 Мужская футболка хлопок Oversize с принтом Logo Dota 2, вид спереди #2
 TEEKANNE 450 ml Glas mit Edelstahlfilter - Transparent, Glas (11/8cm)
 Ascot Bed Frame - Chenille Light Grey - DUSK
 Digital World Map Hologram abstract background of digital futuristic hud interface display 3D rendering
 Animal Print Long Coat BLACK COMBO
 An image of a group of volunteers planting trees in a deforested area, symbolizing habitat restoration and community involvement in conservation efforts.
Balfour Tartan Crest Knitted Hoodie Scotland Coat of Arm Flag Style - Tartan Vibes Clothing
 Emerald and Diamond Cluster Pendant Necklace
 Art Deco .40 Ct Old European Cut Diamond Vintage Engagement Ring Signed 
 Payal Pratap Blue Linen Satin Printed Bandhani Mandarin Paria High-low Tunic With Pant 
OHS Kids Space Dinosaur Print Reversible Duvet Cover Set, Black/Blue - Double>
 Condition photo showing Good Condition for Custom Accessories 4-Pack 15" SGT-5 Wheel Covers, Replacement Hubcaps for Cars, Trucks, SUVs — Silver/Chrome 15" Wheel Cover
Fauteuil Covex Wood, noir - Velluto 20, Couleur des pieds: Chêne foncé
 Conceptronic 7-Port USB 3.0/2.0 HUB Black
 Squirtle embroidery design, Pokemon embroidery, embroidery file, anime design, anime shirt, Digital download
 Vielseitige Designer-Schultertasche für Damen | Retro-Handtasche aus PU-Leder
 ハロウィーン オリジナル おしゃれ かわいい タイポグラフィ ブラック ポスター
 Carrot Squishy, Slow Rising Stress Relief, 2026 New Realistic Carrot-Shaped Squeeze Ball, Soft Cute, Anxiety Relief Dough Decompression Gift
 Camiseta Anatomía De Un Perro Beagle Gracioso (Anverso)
- - -
§ EXERCISE
The records above need copying again. Keep each word as it is.

§ ANSWER AREA
 Мужская футболка хлопок Oversize с принтом Logo Dota 2, вид спереди #2
 TEEKANNE 450 ml Glas mit Edelstahlfilter - Transparent, Glas (11/8cm)
 Ascot Bed Frame - Chenille Light Grey - DUSK
 Digital World Map Hologram abstract background of digital futuristic hud interface display 3D rendering
 Animal Print Long Coat BLACK COMBO
 An image of a group of volunteers planting trees in a deforested area, symbolizing habitat restoration and community involvement in conservation efforts.
Balfour Tartan Crest Knitted Hoodie Scotland Coat of Arm Flag Style - Tartan Vibes Clothing
 Emerald and Diamond Cluster Pendant Necklace
 Art Deco .40 Ct Old European Cut Diamond Vintage Engagement Ring Signed 
 Payal Pratap Blue Linen Satin Printed Bandhani Mandarin Paria High-low Tunic With Pant 
OHS Kids Space Dinosaur Print Reversible Duvet Cover Set, Black/Blue - Double>
 Condition photo showing Good Condition for Custom Accessories 4-Pack 15" SGT-5 Wheel Covers, Replacement Hubcaps for Cars, Trucks, SUVs — Silver/Chrome 15" Wheel Cover
Fauteuil Covex Wood, noir - Velluto 20, Couleur des pieds: Chêne foncé
 Conceptronic 7-Port USB 3.0/2.0 HUB Black
 Squirtle embroidery design, Pokemon embroidery, embroidery file, anime design, anime shirt, Digital download
 Vielseitige Designer-Schultertasche für Damen | Retro-Handtasche aus PU-Leder
 ハロウィーン オリジナル おしゃれ かわいい タイポグラフィ ブラック ポスター
 Carrot Squishy, Slow Rising Stress Relief, 2026 New Realistic Carrot-Shaped Squeeze Ball, Soft Cute, Anxiety Relief Dough Decompression Gift
 Camiseta Anatomía De Un Perro Beagle Gracioso (Anverso)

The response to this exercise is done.